Thursday, January 5, 2017

PROTECTING THE GUILTY

Most people who enter the criminal justice system are guilty. And that is how it should be; our law enforcement system would not be worth much if it only arrested guilty people half the time, and the remainder of arrestees were innocent. When I was in law school, one of my professors opined that only half of the people who enter the criminal justice system were guilty of anything. I thought that was a low estimate of the number of innocent people in the justice system then, and still do. It is true that the advent of DNA testing revealed that there are more innocent people convicted than was previously thought. Conviction of the innocent is a serious problem. But so is oppression of the guilty. The question is, who are those guilty people, and how should we treat them?
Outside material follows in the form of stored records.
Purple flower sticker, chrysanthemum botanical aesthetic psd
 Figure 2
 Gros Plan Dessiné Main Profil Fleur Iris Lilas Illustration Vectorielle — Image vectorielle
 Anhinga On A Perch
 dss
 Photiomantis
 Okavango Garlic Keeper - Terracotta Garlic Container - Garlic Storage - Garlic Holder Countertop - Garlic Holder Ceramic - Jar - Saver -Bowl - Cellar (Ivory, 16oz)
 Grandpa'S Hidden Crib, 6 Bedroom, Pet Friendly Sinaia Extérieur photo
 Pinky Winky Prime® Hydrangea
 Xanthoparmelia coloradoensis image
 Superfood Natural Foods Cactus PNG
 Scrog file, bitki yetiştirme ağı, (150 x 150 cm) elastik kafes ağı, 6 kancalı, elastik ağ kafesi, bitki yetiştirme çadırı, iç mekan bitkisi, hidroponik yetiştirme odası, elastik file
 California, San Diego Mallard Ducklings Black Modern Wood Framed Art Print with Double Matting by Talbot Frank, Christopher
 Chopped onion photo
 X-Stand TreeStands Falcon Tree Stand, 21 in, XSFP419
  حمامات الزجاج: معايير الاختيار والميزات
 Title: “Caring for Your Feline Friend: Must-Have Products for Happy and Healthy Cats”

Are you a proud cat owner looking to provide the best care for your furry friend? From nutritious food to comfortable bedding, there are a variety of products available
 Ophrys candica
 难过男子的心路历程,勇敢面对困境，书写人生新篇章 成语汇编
I’ve learned a lot about who they are from dealing with them for almost 40 years of legal practice. The main thing I’ve learned is that most of the time, there but for the grace of God go I. They are just people. It is easy to think that someone who has killed another person, or robbed a bank, or burglarized a home, or sold drugs, or snatched a purse, must be a different species from me. But she is not. She is just someone who made a wrong choice or a mistake. He likes hot chocolate in the winter and swimming in the summer. He looks out the window of his cell and enjoys watching the farmer let out his cows. My clients worry about their families, their loved ones, even about me. “Drive safe!” they say as I leave the prison—and they mean it!

Prisons these days do little to rehabilitate those who inhabit them. But the one gift they can give is unstructured time, which can allow those who are so inclined to rehabilitate themselves through prayer, study, and consideration of those they have hurt. Given the lack of foundation many of them experienced in early life, that happens more often than I, at least, would expect.


So, why should we protect the guilty? Here are some important reasons.

1. If we want to enforce moral and legal imperatives, we should abide by them.


2. We are all guilty and all members of the human family.


3. If we take shortcuts to convict the guilty, we run the risk of convicting the innocent.


4. If the guilty feel they have been treated with fairness and compassion, they are more likely to be rehabilitated.


In future posts, I will examine each of these principles individually. But for the present, it is sufficient to say that the criminal justice system exists, and should function, to protect the guilty as well as the innocent.